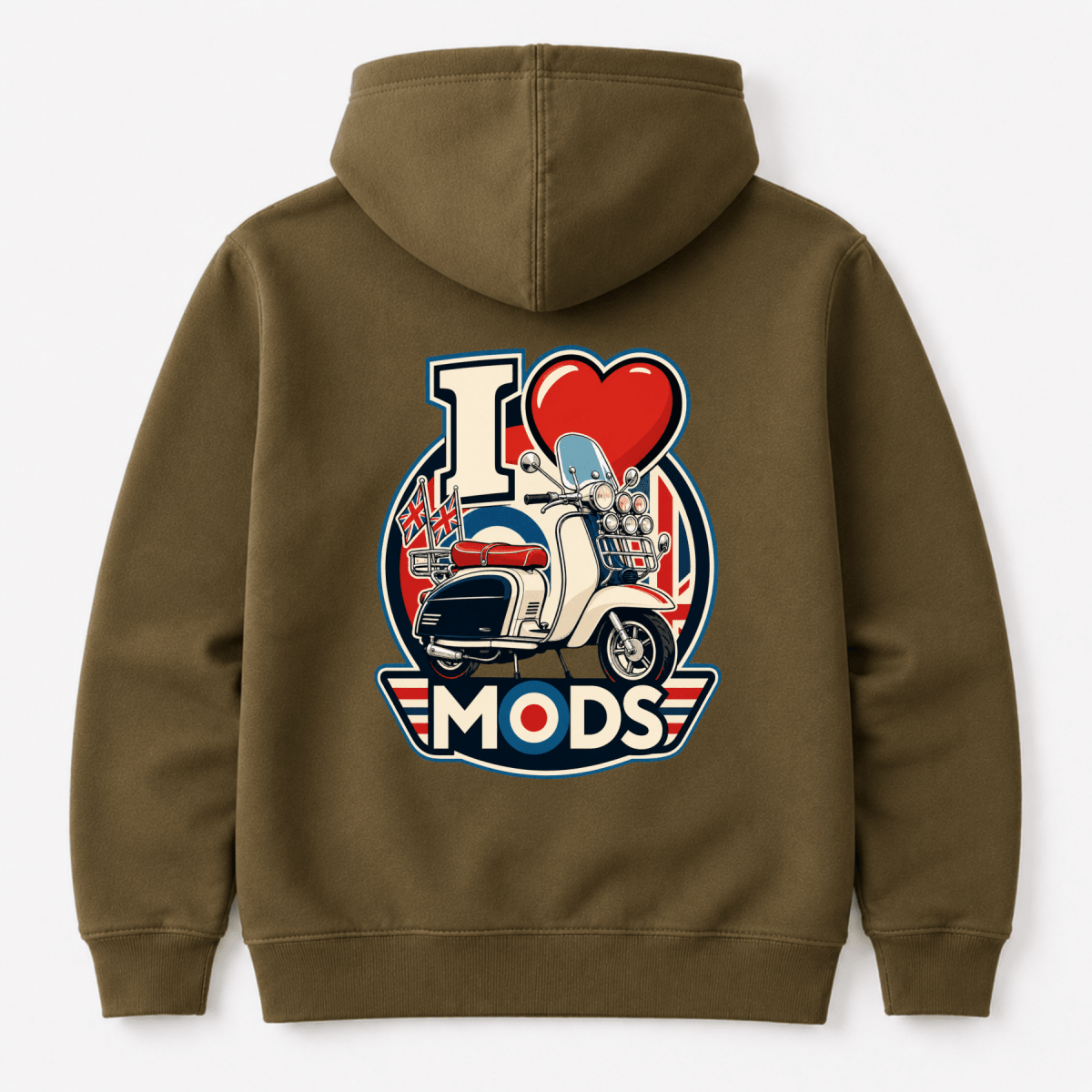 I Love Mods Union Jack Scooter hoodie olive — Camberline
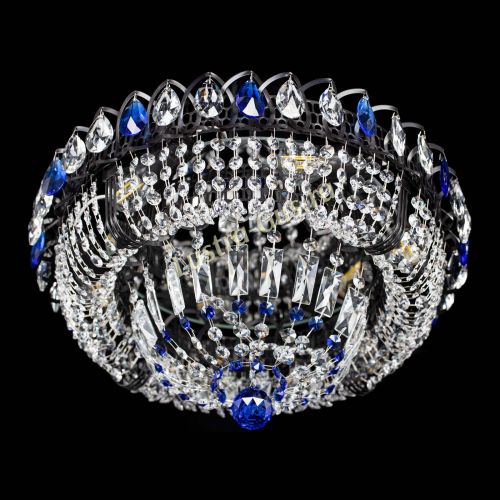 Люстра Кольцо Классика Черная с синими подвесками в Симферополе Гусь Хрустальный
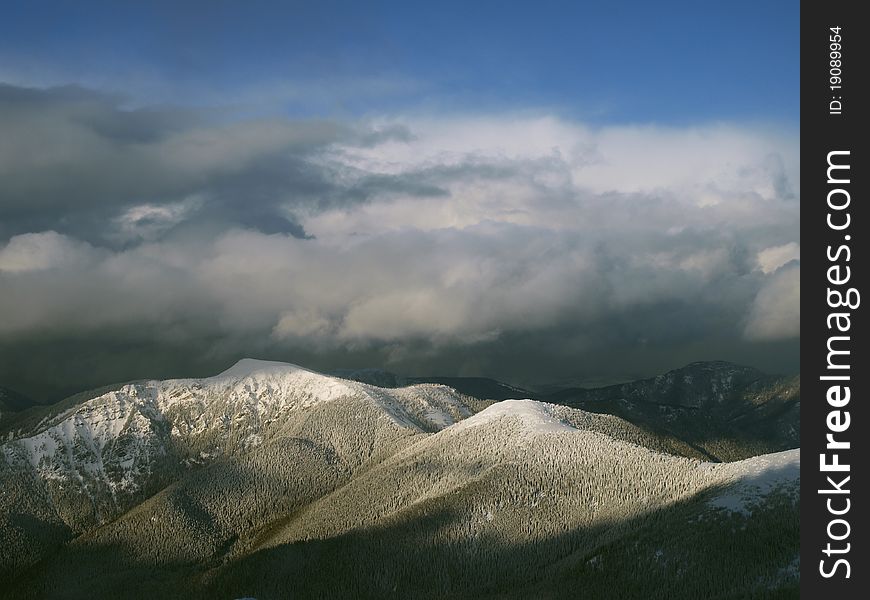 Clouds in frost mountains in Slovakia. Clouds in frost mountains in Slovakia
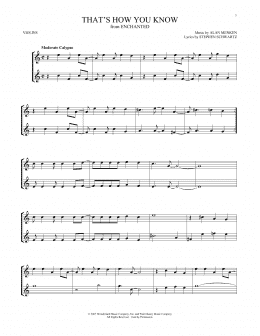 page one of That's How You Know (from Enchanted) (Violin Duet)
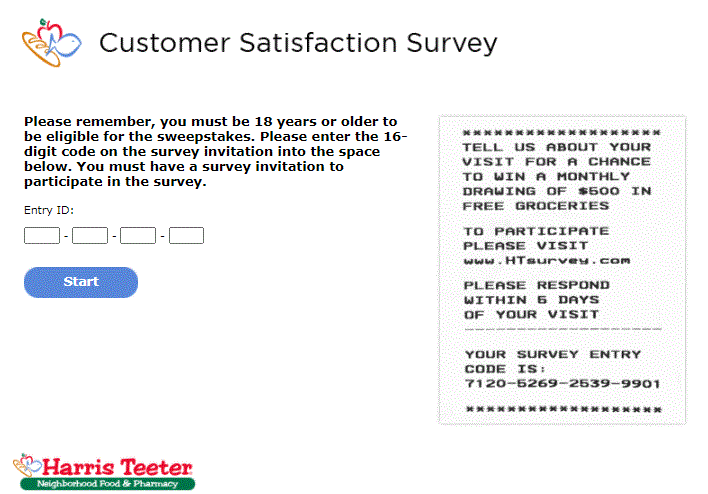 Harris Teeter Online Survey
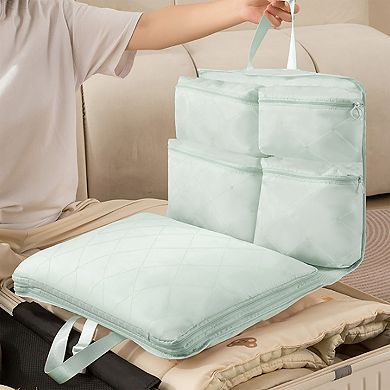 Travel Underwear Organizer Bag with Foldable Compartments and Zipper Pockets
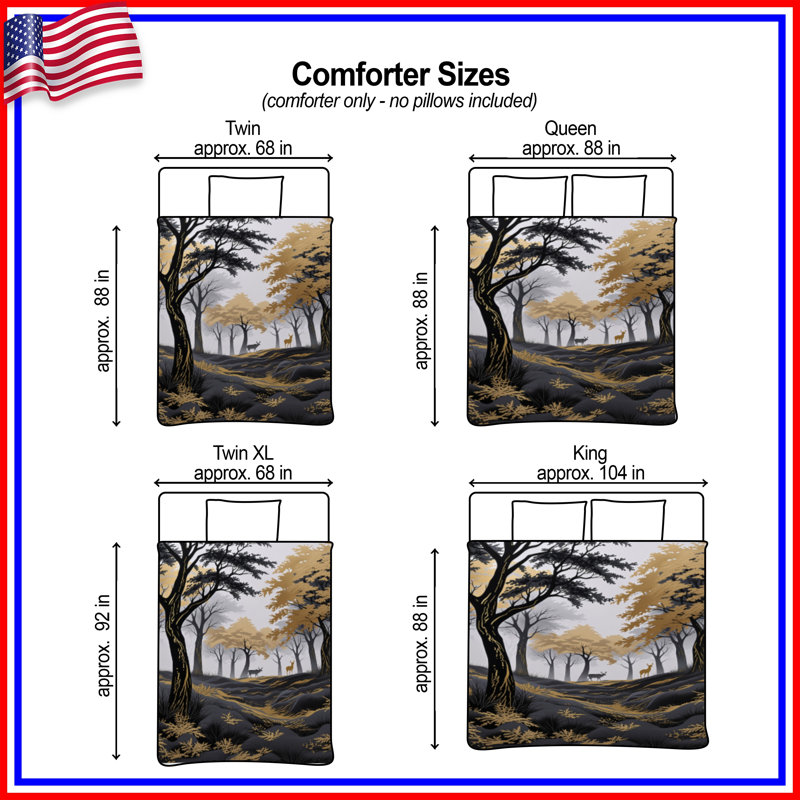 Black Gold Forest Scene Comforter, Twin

WHAT THE EXERCISE ASKS »
Print the data again, word for word, without any pictures.

EXERCISE OUTPUT »
 I Love Mods Union Jack Scooter hoodie olive — Camberline
 Люстра Кольцо Классика Черная с синими подвесками в Симферополе Гусь Хрустальный
 Clouds in frost mountains in Slovakia. Clouds in frost mountains in Slovakia
 page one of That's How You Know (from Enchanted) (Violin Duet)
 Harris Teeter Online Survey
 Travel Underwear Organizer Bag with Foldable Compartments and Zipper Pockets
 Black Gold Forest Scene Comforter, Twin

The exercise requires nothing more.